◆ **Supplied information**
----------

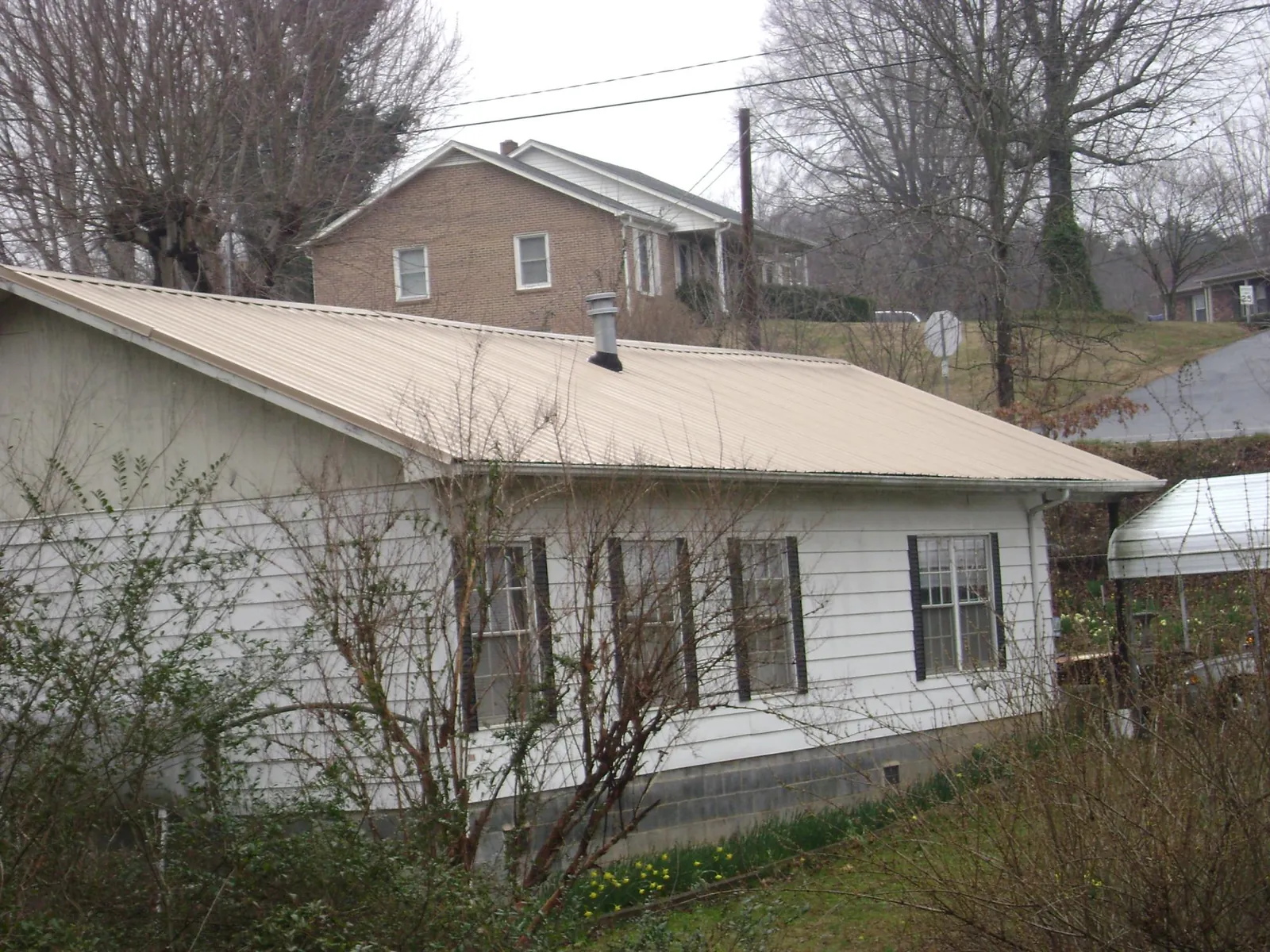 Tan metal roof on a white sided house set into a hillside — Commercial Roofing by Roofing Brothers in Grand Bay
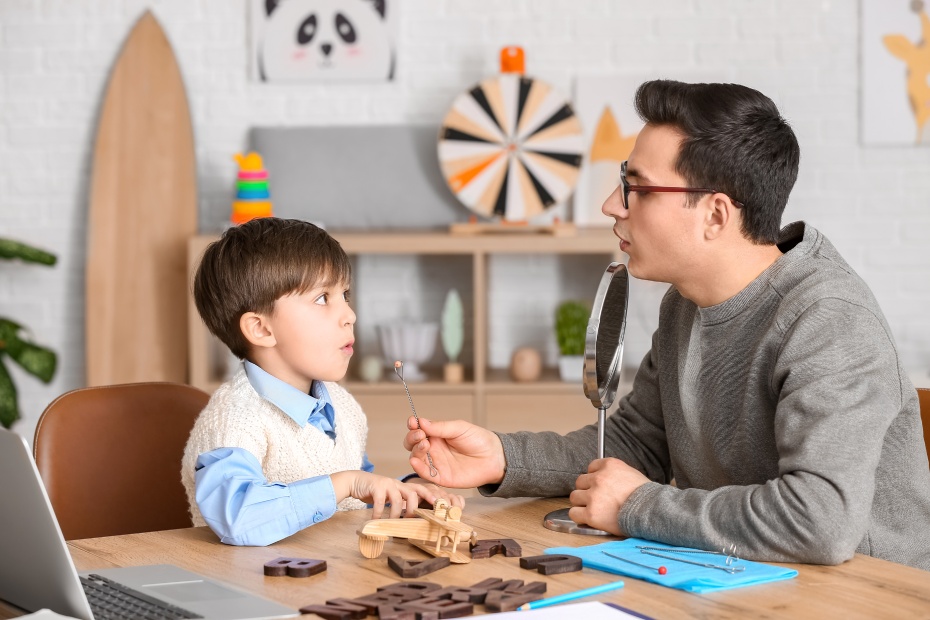 Speech therapist working with little boy in office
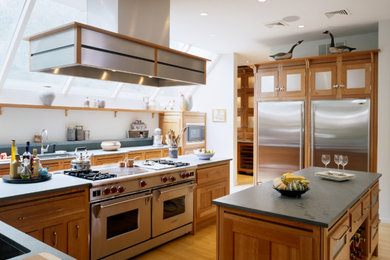 Klassische Küche mit Unterbauwaschbecken, Schrankfronten im Shaker-Stil, hellbraunen Holzschränken, Küchengeräten aus Edelstahl und braunem Holzboden in Boston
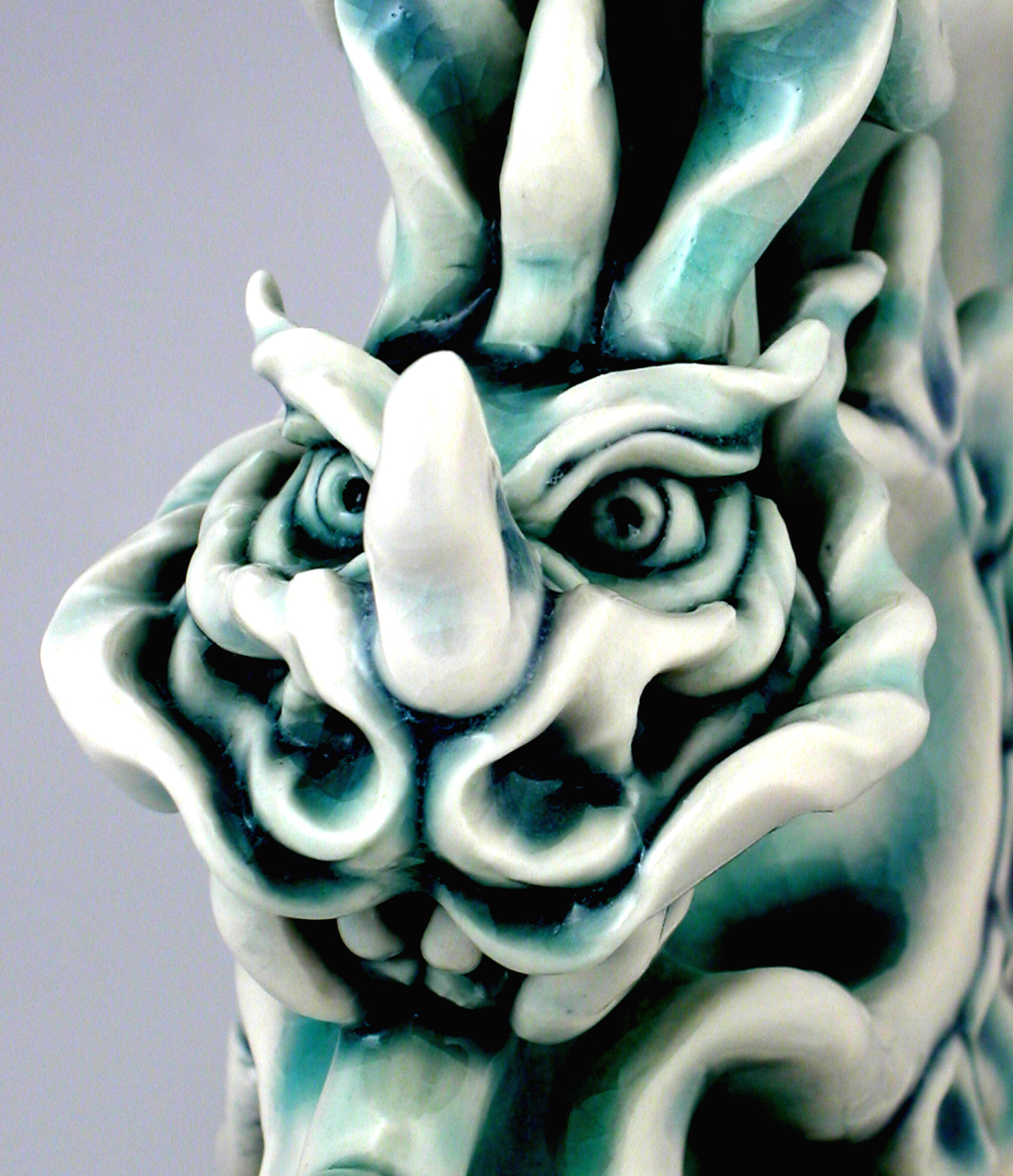 Porcelain Tatsu dragon sculpture, frontal face detail.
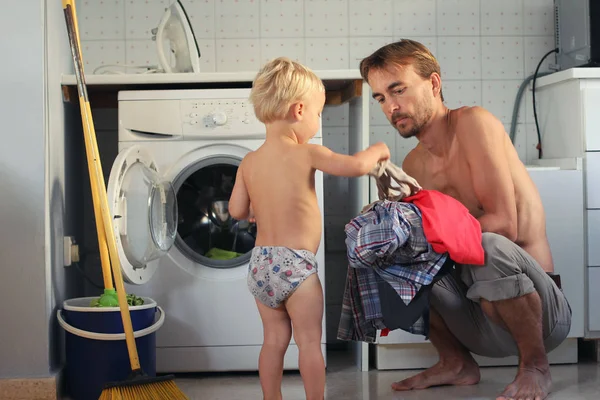 Bonito menino loiro criança ajuda seu pai a colocar a lavanderia na máquina de lavar roupa. Trabalho doméstico em família, conceito de dona de casa masculina . — Fotografia de Stock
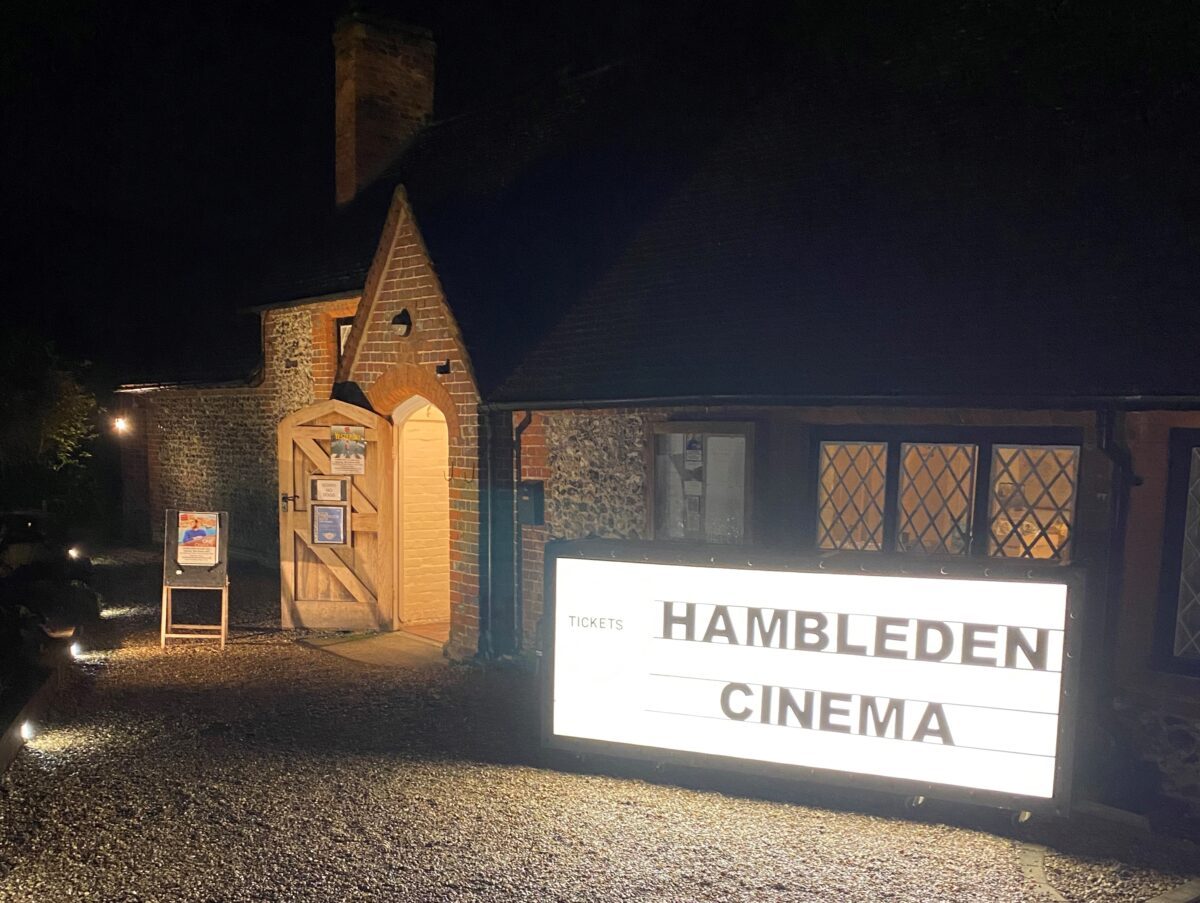 Hambleden Village Hall on a screening night, with the lit Hambleden Cinema sign outside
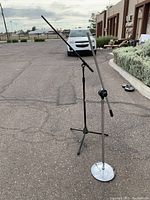 Two microphone stands outdoors on pavement, showing full height and boom arms.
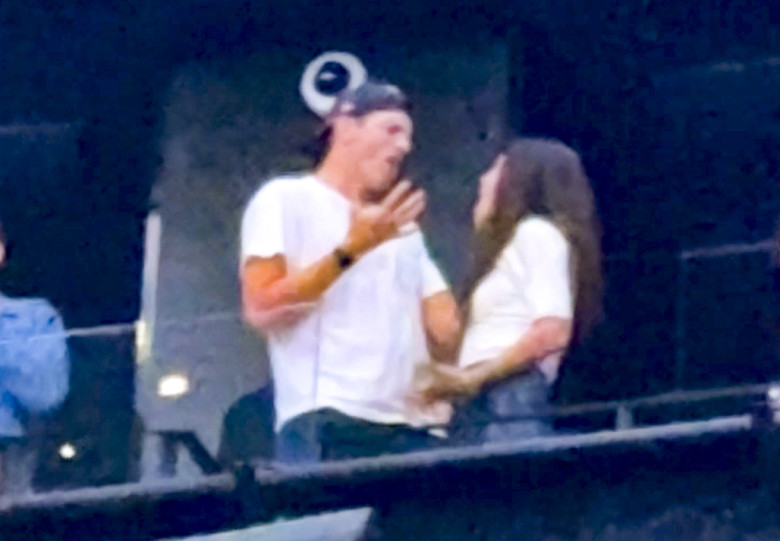 Ashton Kutcher and Mila Kunis at the Backstreet Boys concert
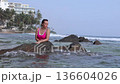 A girl in a red swimsuit on the coastal cliffs of the ocean 136604026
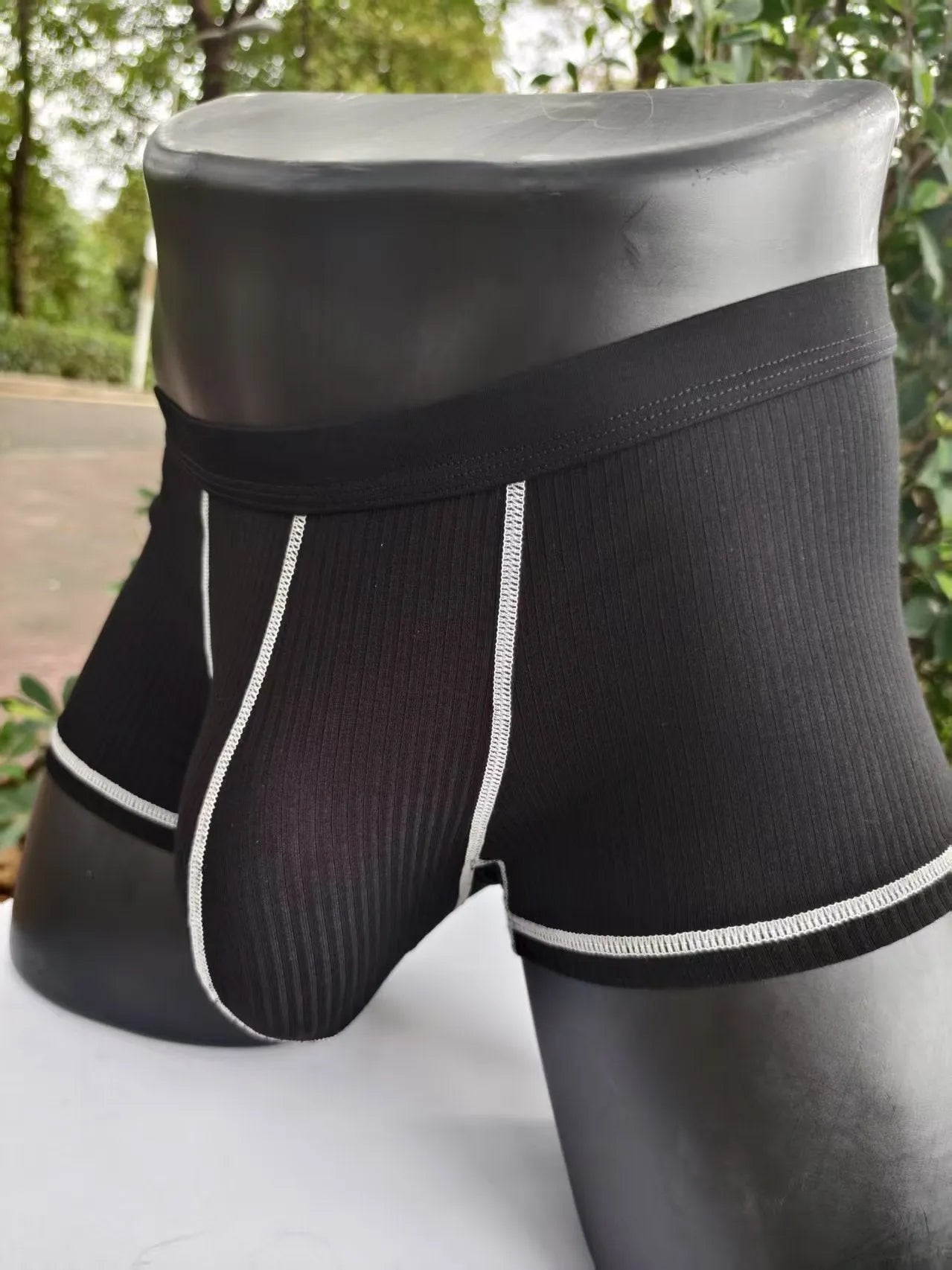 Solid-colour men's boxers in breathable fibre fabric on a size chart.
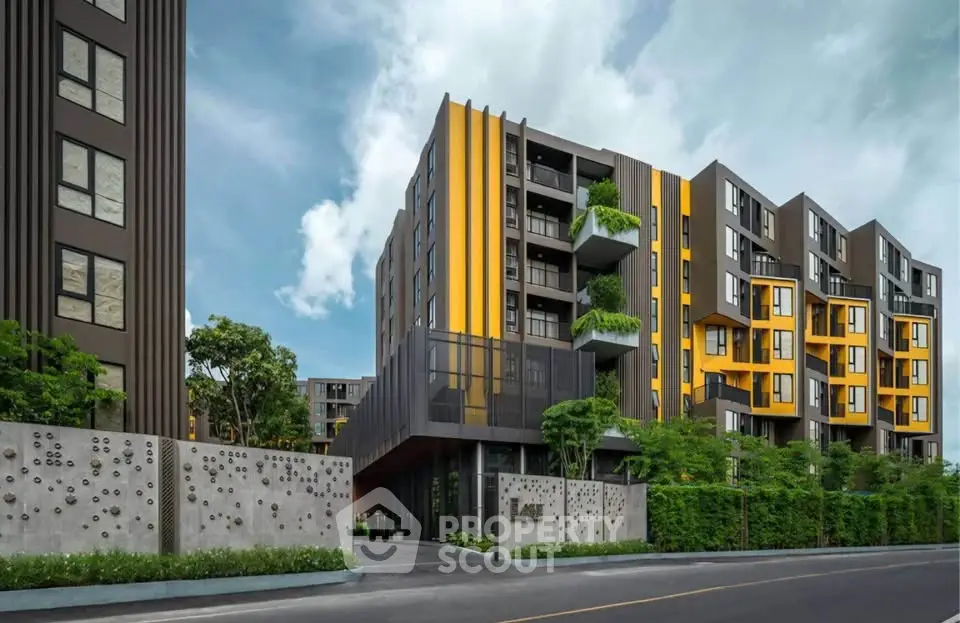 Modern apartment building with vibrant yellow accents and lush greenery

----------

◆ **Directions**
Begin at the line that contains "Ashton Kutcher and" and transcribe every line through the end of the listing, exactly as written. Omit the pictures.

◆ **Expected answer**
 Ashton Kutcher and Mila Kunis at the Backstreet Boys concert
 A girl in a red swimsuit on the coastal cliffs of the ocean 136604026
 Solid-colour men's boxers in breathable fibre fabric on a size chart.
 Modern apartment building with vibrant yellow accents and lush greenery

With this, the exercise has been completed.